Caption-style text data:
○ ○ ○ ○ ○ ○ ○
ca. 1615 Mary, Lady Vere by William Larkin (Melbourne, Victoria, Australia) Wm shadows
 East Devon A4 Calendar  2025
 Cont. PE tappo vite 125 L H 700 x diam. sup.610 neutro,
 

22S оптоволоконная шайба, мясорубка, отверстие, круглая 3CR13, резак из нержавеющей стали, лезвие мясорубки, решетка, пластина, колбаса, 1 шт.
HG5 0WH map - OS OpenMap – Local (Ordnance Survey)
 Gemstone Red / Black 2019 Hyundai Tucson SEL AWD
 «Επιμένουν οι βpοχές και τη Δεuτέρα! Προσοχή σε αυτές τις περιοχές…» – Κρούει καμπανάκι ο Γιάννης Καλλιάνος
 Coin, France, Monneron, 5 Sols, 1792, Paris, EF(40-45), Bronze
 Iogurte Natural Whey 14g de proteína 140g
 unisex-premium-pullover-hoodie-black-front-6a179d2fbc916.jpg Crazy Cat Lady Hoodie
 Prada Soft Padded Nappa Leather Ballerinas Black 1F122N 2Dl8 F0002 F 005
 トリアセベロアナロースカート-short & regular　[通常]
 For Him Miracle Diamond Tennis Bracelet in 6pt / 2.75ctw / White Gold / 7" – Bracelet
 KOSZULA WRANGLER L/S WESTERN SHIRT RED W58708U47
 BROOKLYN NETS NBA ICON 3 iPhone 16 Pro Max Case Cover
○ ○ ○ ○ ○ ○ ○
Problem description.
Please copy every line of the records above in which "Lady" appears.

Result.
ca. 1615 Mary, Lady Vere by William Larkin (Melbourne, Victoria, Australia) Wm shadows
 unisex-premium-pullover-hoodie-black-front-6a179d2fbc916.jpg Crazy Cat Lady Hoodie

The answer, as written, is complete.